📖Programming Language Pragmatics

Scott, Michael
  • The first C++ compiler was not a preprocessor. It thoroughly analyzed the code and produced C output that was always correct. Any errors would be reported by C++ compiler itself. → The first C++ compiler was not a preprocessor
  • Compiler vs. preprocessor. The difference is in how well they understand the source code. (Preprocessor does not understand the internal structure of the language.)
  • p.21 bootstrapping compiler + bootstrapped Pascal

    • pascal bootstrapping via VM
  • Compilation pass vs. phase. Pass means all previous passes have finished and next can only start when the current pass is finished.
  • BNF was devised for definition of Algol-60 (p.49)
  • John Backus was also inventor of Fortran (p.49)
  • Hand-coding scanner is often used for production compilers because it’s fast (faster than generating scanner from regexes)
  • (p.64) In pre-Fortran 90

    ! This is loop header
    DO 5 I = 1,25
    ! this is assignment to DO5I variable
    DO 5 I = 1.25

    DO is either keyword or part of identifier.
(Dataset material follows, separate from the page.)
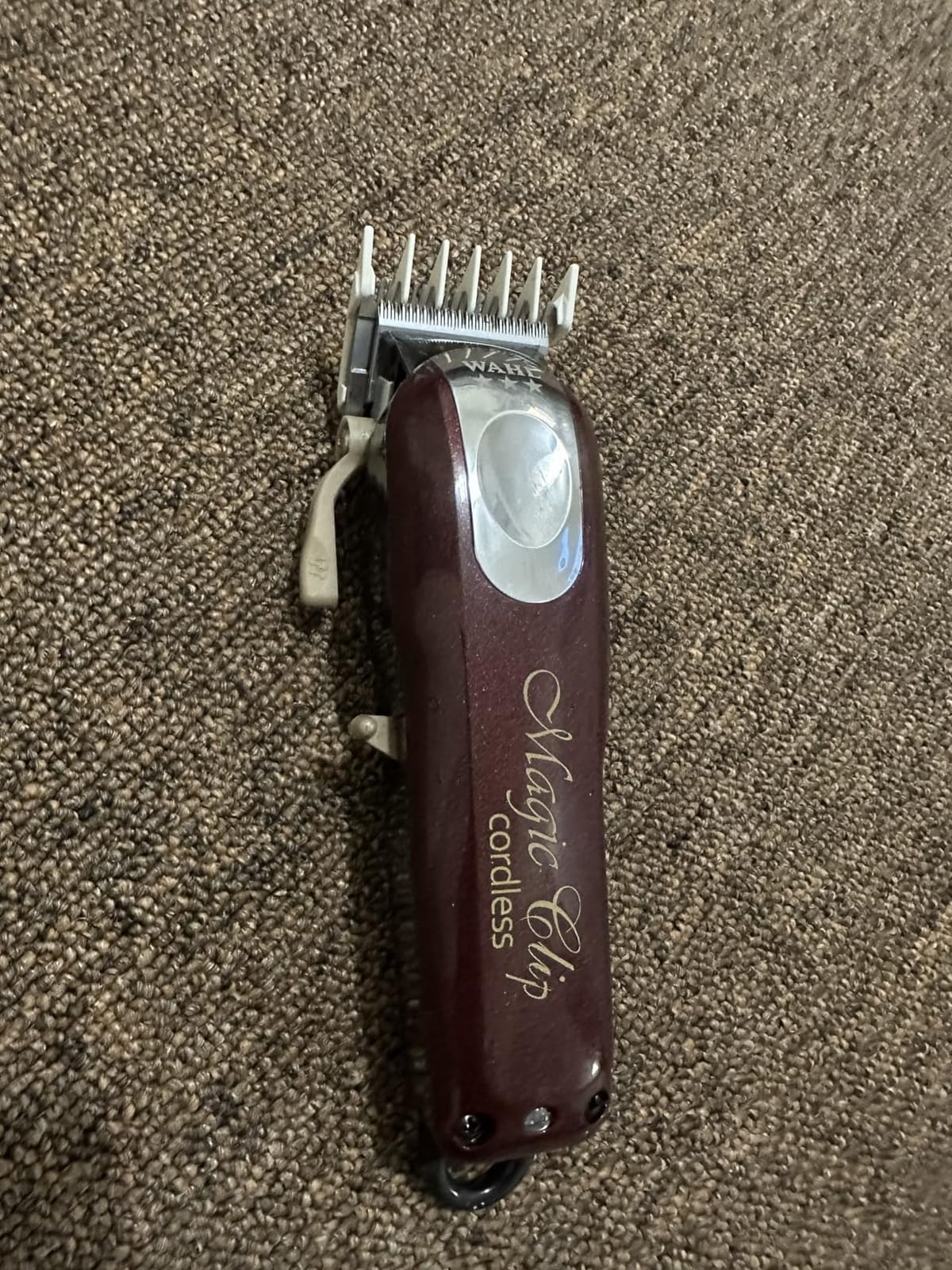 Wahl Professional 5 Star Magic Clip Cordless Clipper, Stagger-Tooth Blade, Seamless Blends & Fades with 100+ Min Lithium-Ion Runtime customer photo 1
This requires arbitrary lookahead for lexer

  • bottom-up (LR) parsers were first to receive attention of researchers. That’s why bottom-up form is called “canonical.” (p.72)
  • class of LR grammars is larger than LL (p.70)
  • Binding time trade-off (p.117)

    • earlier → faster execution
    • later → more flexibility
  • my_proc.x syntax to access shadowed variable (in Ada)
  • Fortran used to beat C in performance because of aliasing. C assumes pointers may alias and thus cannot perform some optimizations. Fortran just doesn’t have aliases. (p.146)
  • values

    first-class valuesecond-classthird-class
    passed as param++-
    returned from subroutine+--
    assigned into variable+--
  • Lisp uses Cambridge Polish Notation. p.225
  • 0.1 is “repeated decimal” in binary. For certain values of x, (0.1 + x) * 10.0 and 1.0 + (x * 10.0) can differ by as much as 25%, even when 0.1 and x are of the same magnitude. p.243
  • In Ada and and or are not short-circuiting. Short-circuiting versions are and then and or else. p.245
  • Fortran’s for loops do not allow arbitrary modification of the counter variable. That means the compiler can generate a code to pre-compute the number of iterations and iterate faster. (p.264) → Fortran’s specialized for loop can generate faster code

    • Decrement-compare to 0-jump can be performed with a single instruction on many processors.
    • Fortran also requires that bound is computed only once. (C does not.) (p.265)
  • Duff’s device—C hack with interleaving loop + switch in C (by Tom Duff from Lucasfilm)
  • IEEE-754 2008 defines decimal floating-point types. Mantisa and exponent are still binary, but exponent is a power of 10 (not 2). Decimal type has greater precision but smaller range. p.307
  • pointer != address (p.378)

    • pointer is high-level construct that can be implemented as address (or some different way)
  • formal parameter—parameter; actual parameter—argument. (p.411)
  • Eiffel has named constructors §10.3.1 p.496
  • Constructor as method on the class (Eiffel / Smalltalk) §10.3

    • (Rust does something similar but does not introduce class as an object.)
  • Reverse assignment (C#) §10.4

    x ?= y;

    x = dynamic_cast<typeof x>(y);

    assign y to x iff types are compatible; otherwise, assign null

  • fragile base class problem (Java) (p.512)

    If code is compiled against newer version of the class but executed with the older, calling old methods might fail if language uses static dispatch (because offset might have changed)

    • (related to pimpl in C++)